English sculptor (1925–2016)

Leslie Tillotson Thornton (26 May 1925 – 9 February 2016) was an English sculptor.

==Education and early life==
Born in Skipton, West Riding of Yorkshire, Thornton attended Keighley Art School from 1940 to 1942 before being conscripted to work as a Bevin Boy in the Yorkshire coalmines to aid the war effort in 1943. From 1945 to 1948 he attended Leeds College of Art on a County Art Scholarship and from 1948 to 1951 trained at the sculpture school of the Royal College of Art.

==Career==
In 1951 Thornton graduated from the Royal College of Art and joined the Royal Society of British Sculptors. He began work as a visiting lecturer at Bromley School of Art, Hammersmith School of Art and Central School of Art, before taking the post of Senior Lecturer at the University of Sunderland in 1965. In 1970 he left this position to head up the Sculpture Department at the University of Stafford.

Thornton was a sculptor linked to the celebrated Geometry of Fear group which redefined the medium in post-war Britain. He considered line rather than mass to be the expression of a more urgent fleetingly emotive quality in the uneasy atmosphere of the immediate post war years.
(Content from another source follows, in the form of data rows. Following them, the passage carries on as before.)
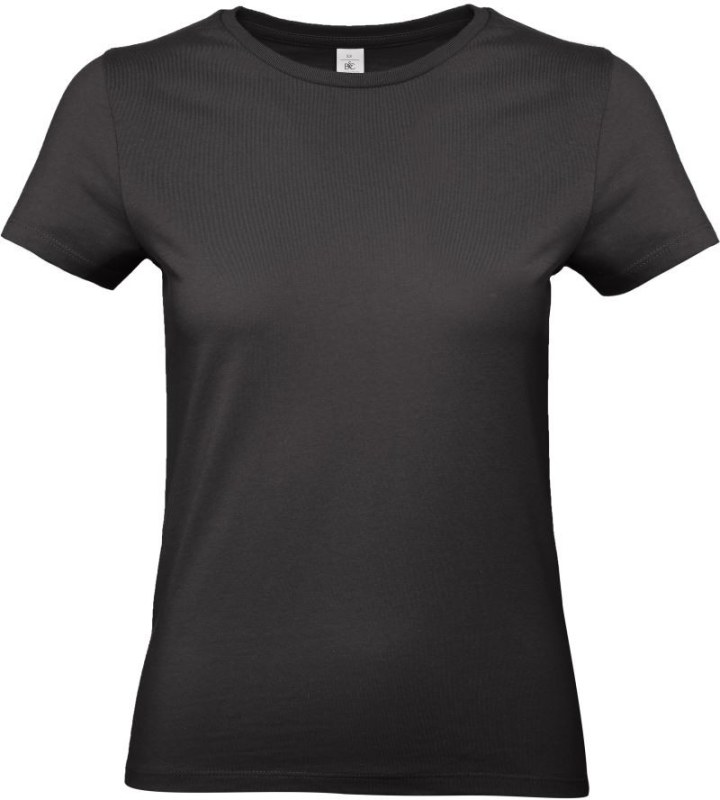 B&C #E190 /women Dámské tričko z těžké bavlny 01.004T black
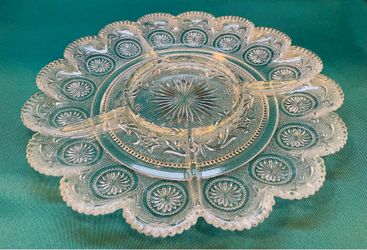 Vintage American Concord By Brockway divided 5 part tray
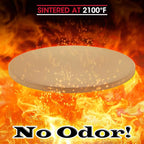 Unicook Small Pizza Stone 10.25 Inch for Oven and Grill, Round Baking Stone, Thermal Shock Resistant Cordierite Oven Pan with Plastic Dough Scraper, Ideal for Cooking Pizza, Bread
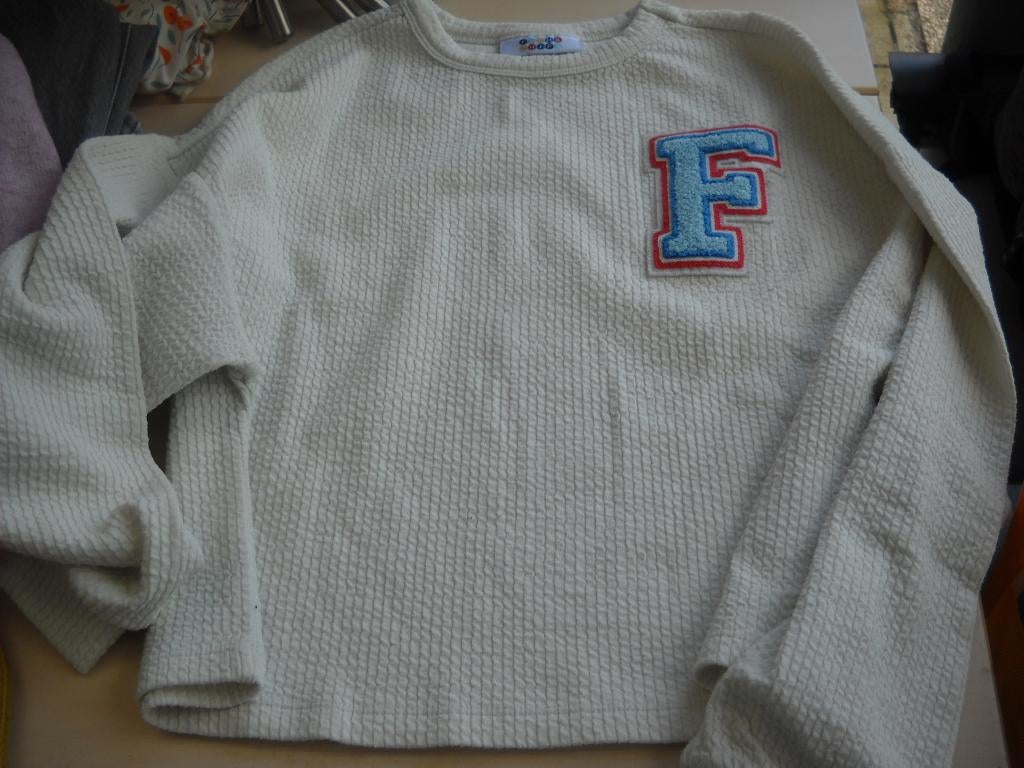 trui fish and chips-mooie staat-146/152, Kinderen en Baby's, Kinderkleding | Maat 146, Ophalen, Zo goed als nieuw, Meisje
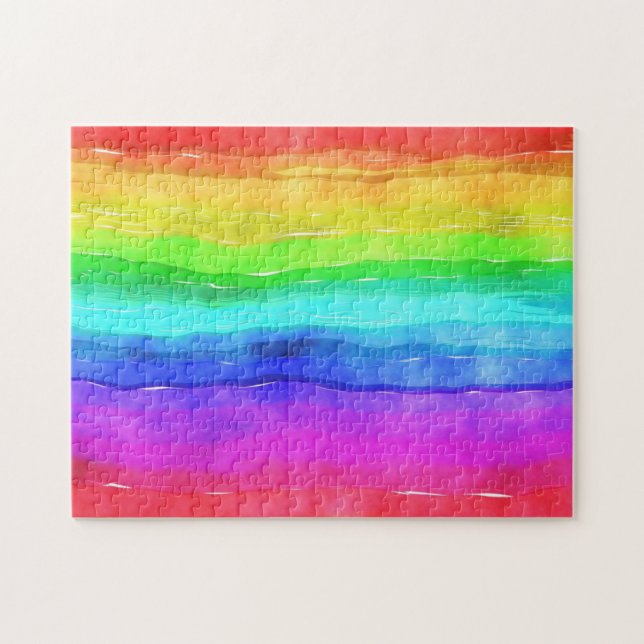 Painted Rainbow Jigsaw Puzzle (Horizontal)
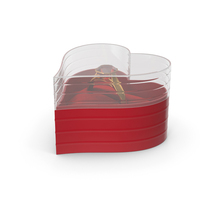Gold Ring In A Heart Box PNG & PSD Images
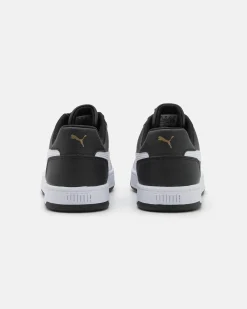 PUMA - Sneakers da uomo nera e bianca con dettagli oro - CAVEN 2.0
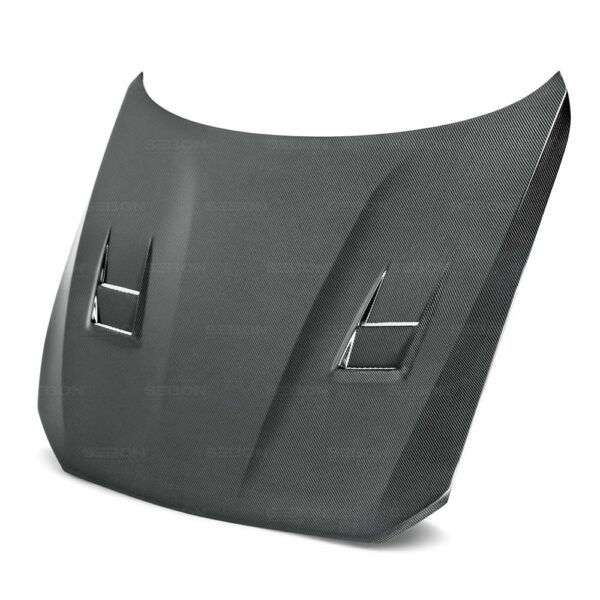 Seibon Carbon, HD11BMWF20-DV, DV-style carbon fiber hood for 2012-up BMW F20, 2014-up F22, and 2016-up F87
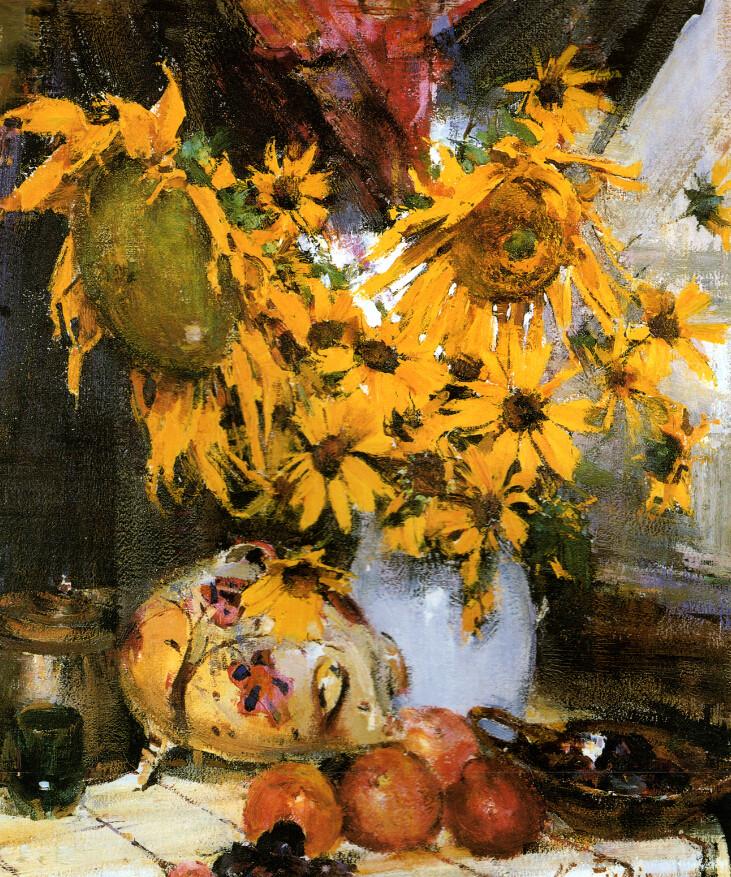 Messy Sunflowers Wallpaper AJ Wallpaper 2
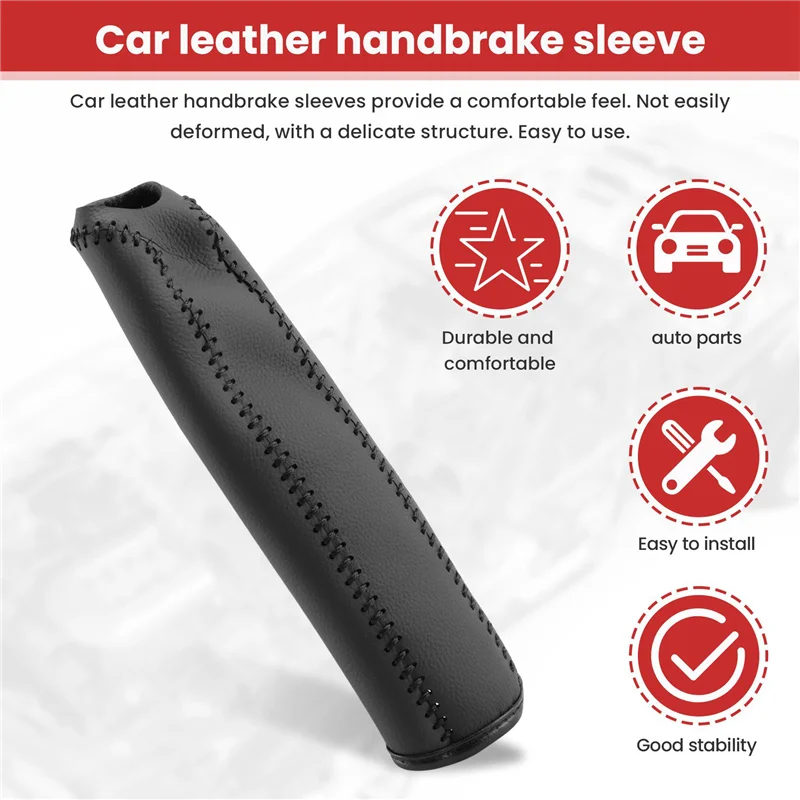 Hand Brake Cover Car Leather Gear Handbrake Cover Shift Lever Cover for Kia K2 2011-2015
Thornton sculpted in metal having been inspired by the idea of making three-dimensional equivalents of the drawings of Rembrandt, which he hugely admired. This he achieved by welding “a little comb” of tiny, fine metal rods to emulate Rembrandt's cross-hatching, a theory he successfully put into practice in one of his earliest sculptures, Roundabout 1955, Peggy Guggenheim Collection.

His key sculptures from the 1950s and 1960s were designed and welded individually rather than cast in a series and are therefore now very rare.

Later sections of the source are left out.